You can close it if website does not detect WebDriver to speed up:

GERAPY_PLAYWRIGHT_PRETEND = False

Also you can use pretend attribute in PlaywrightRequest to overwrite this configuration.

Logging Level

By default, Playwright will log all the debug messages, so GerapyPlaywright configured the logging level of Playwright to WARNING.

If you want to see more logs from Playwright, you can change the this setting:

import logging
GERAPY_PLAYWRIGHT_LOGGING_LEVEL = logging.DEBUG

Download Timeout

Playwright may take some time to render the required web page, you can also change this setting, default is 30s:

# playwright timeout
GERAPY_PLAYWRIGHT_DOWNLOAD_TIMEOUT = 30

Headless

By default, Playwright is running in Headless mode, you can also change it to False as you need, default is True:

GERAPY_PLAYWRIGHT_HEADLESS = False

Window Size

You can also set the width and height of Playwright window:

GERAPY_PLAYWRIGHT_WINDOW_WIDTH = 1400
GERAPY_PLAYWRIGHT_WINDOW_HEIGHT = 700

Default is 1400, 700.

Proxy

You can set a proxy channel via below this config:

GERAPY_PLAYWRIGHT_PROXY = 'http://tps254.kdlapi.com:15818'
GERAPY_PLAYWRIGHT_PROXY_CREDENTIAL = {
  'username': 'xxx',
  'password': 'xxxx'
}

Screenshot

You can get screenshot of loaded page, you can pass screenshot args to PlaywrightRequest as dict:

Below are the supported args:

type (str): Specify screenshot type, can be either jpeg or png. Defaults to png.
quality (int): The quality of the image, between 0-100. Not applicable to png image.
full_page (bool): When true, take a screenshot of the full scrollable page. Defaults to False.
clip (dict): An object which specifies clipping region of the page. This option should have the following fields:
- x (int): x-coordinate of top-left corner of clip area.
- y (int): y-coordinate of top-left corner of clip area.
- width (int): width of clipping area.
- height (int): height of clipping area.
omit_background (bool): Hide default white background and allow capturing screenshot with transparency.
timeout (str): Maximum time in milliseconds, defaults to 30 seconds, pass 0 to disable timeout.

For example:

yield PlaywrightRequest(start_url, callback=self.parse_index, wait_for='.item .name', screenshot={
            'type': 'png',
            'full_page': True
        })

then you can get screenshot result in response.meta['screenshot']:

Simplest save it to file:

def parse_index(self, response):
    with open('screenshot.png', 'wb') as f:
        f.write(response.meta['screenshot'].getbuffer())

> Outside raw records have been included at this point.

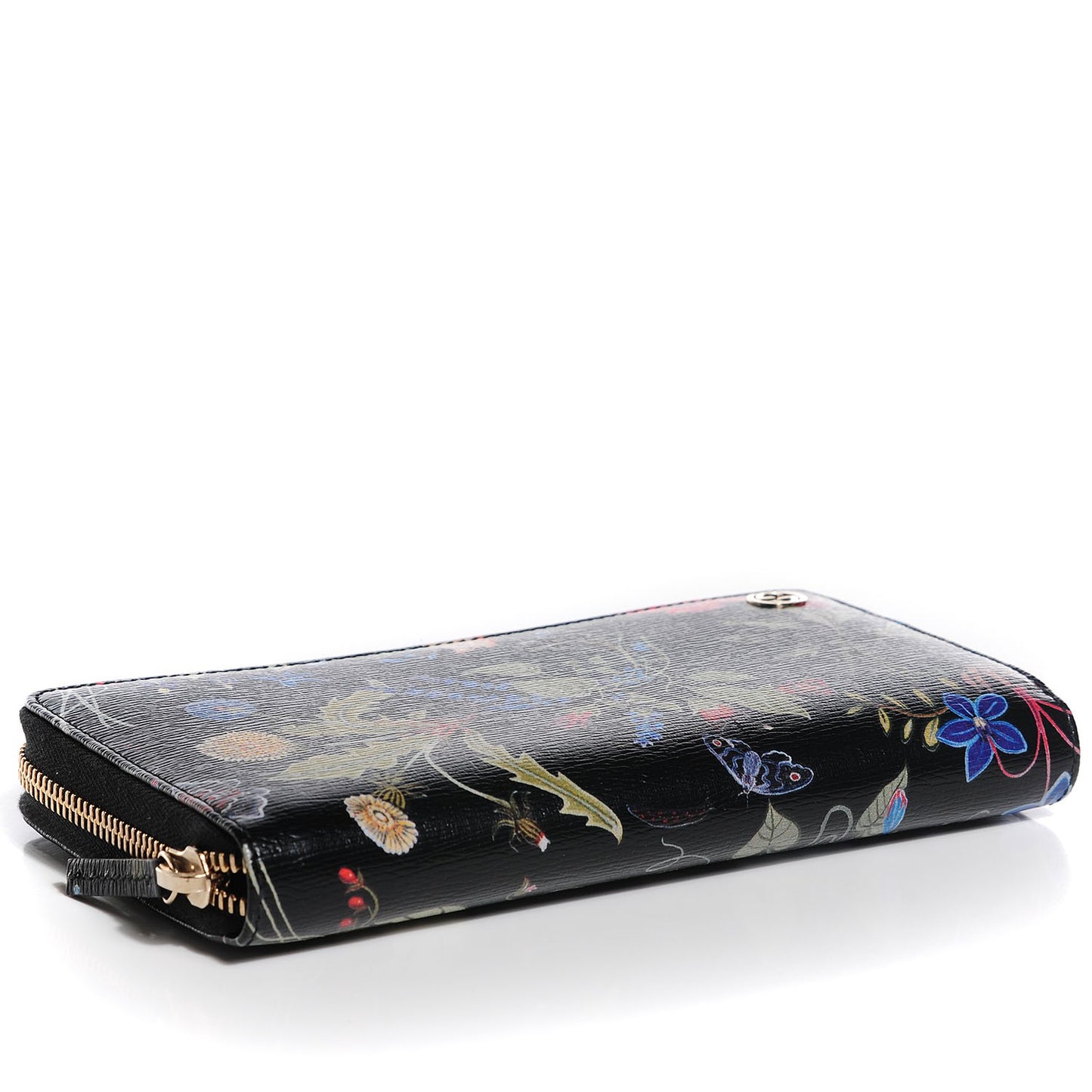 Shangai Calfskin Flora Knight Zip Around Wallet Black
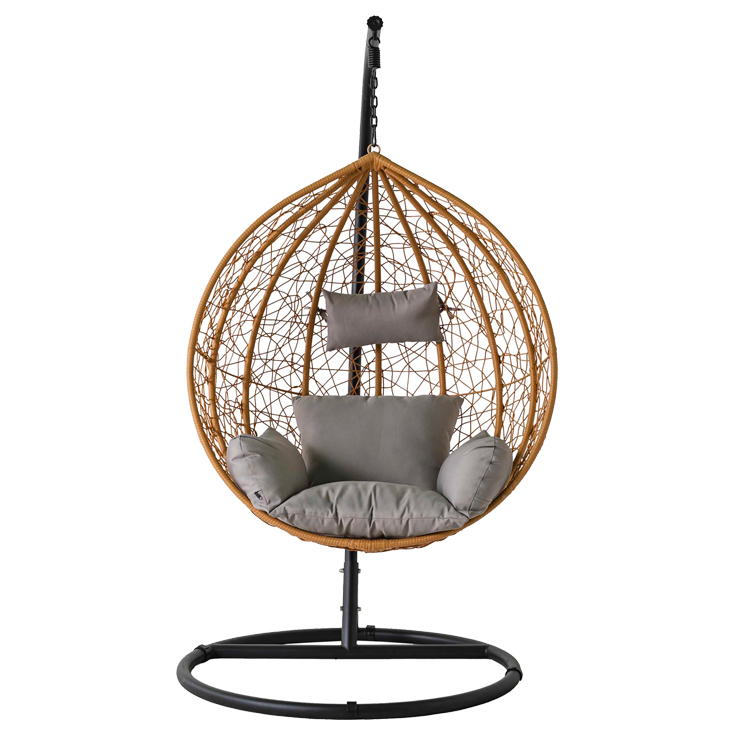 ハンギングチェア 吊り下げ たまご型 1人掛け ハンモックチェア 屋外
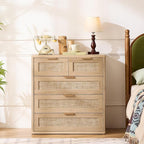 LEYAOYAO Rattan Dresser for Bedroom Set of 2, 33.5" Tall Chest of Drawers - Image 9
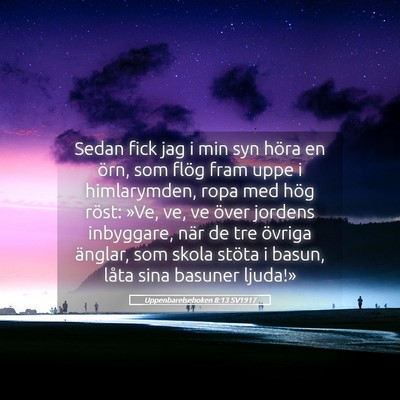 Picture 05 - Uppenbarelseboken 8:13 SV1917 - Sedan fick jag i min syn höra en örn, som flög - Bible Verse Picture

If you want to enable screenshot for all requests, you can configure it by GERAPY_PLAYWRIGHT_SCREENSHOT.

For example:

GERAPY_PLAYWRIGHT_SCREENSHOT = {
    'type': 'png',
    'full_page': True
}

PlaywrightRequest

PlaywrightRequest provide args which can override global settings above.

url: request url
callback: callback
wait_until: one of "load", "domcontentloaded", "networkidle" see https://playwright.dev/python/docs/api/class-page#page-wait-for-load-state, default is domcontentloaded
wait_for: wait for some element to load, also supports dict
script: script to execute
actions: actions defined for execution of Page object
proxy: use proxy for this time, like http://x.x.x.x:x
proxy_credential: the proxy credential, like {'username': 'xxxx', 'password': 'xxxx'}
sleep: time to sleep after loaded, override GERAPY_PLAYWRIGHT_SLEEP
timeout: load timeout, override GERAPY_PLAYWRIGHT_DOWNLOAD_TIMEOUT
ignore_resource_types: ignored resource types, override GERAPY_PLAYWRIGHT_IGNORE_RESOURCE_TYPES
pretend: pretend as normal browser, override GERAPY_PLAYWRIGHT_PRETEND
screenshot: ignored resource types, see https://playwright.dev/python/docs/api/class-page#page-screenshot, override GERAPY_PLAYWRIGHT_SCREENSHOT

For example, you can configure PlaywrightRequest as:

from gerapy_playwright import PlaywrightRequest

def parse(self, response):
    yield PlaywrightRequest(url,
        callback=self.parse_detail,
        wait_until='domcontentloaded',
        wait_for='title',
        script='() => { return {name: "Germey"} }',
        sleep=2)

Then Playwright will:

wait for document to load
wait for title to load
execute console.log(document) script
sleep for 2s
return the rendered web page content, get from response.meta['screenshot']
return the script executed result, get from response.meta['script_result']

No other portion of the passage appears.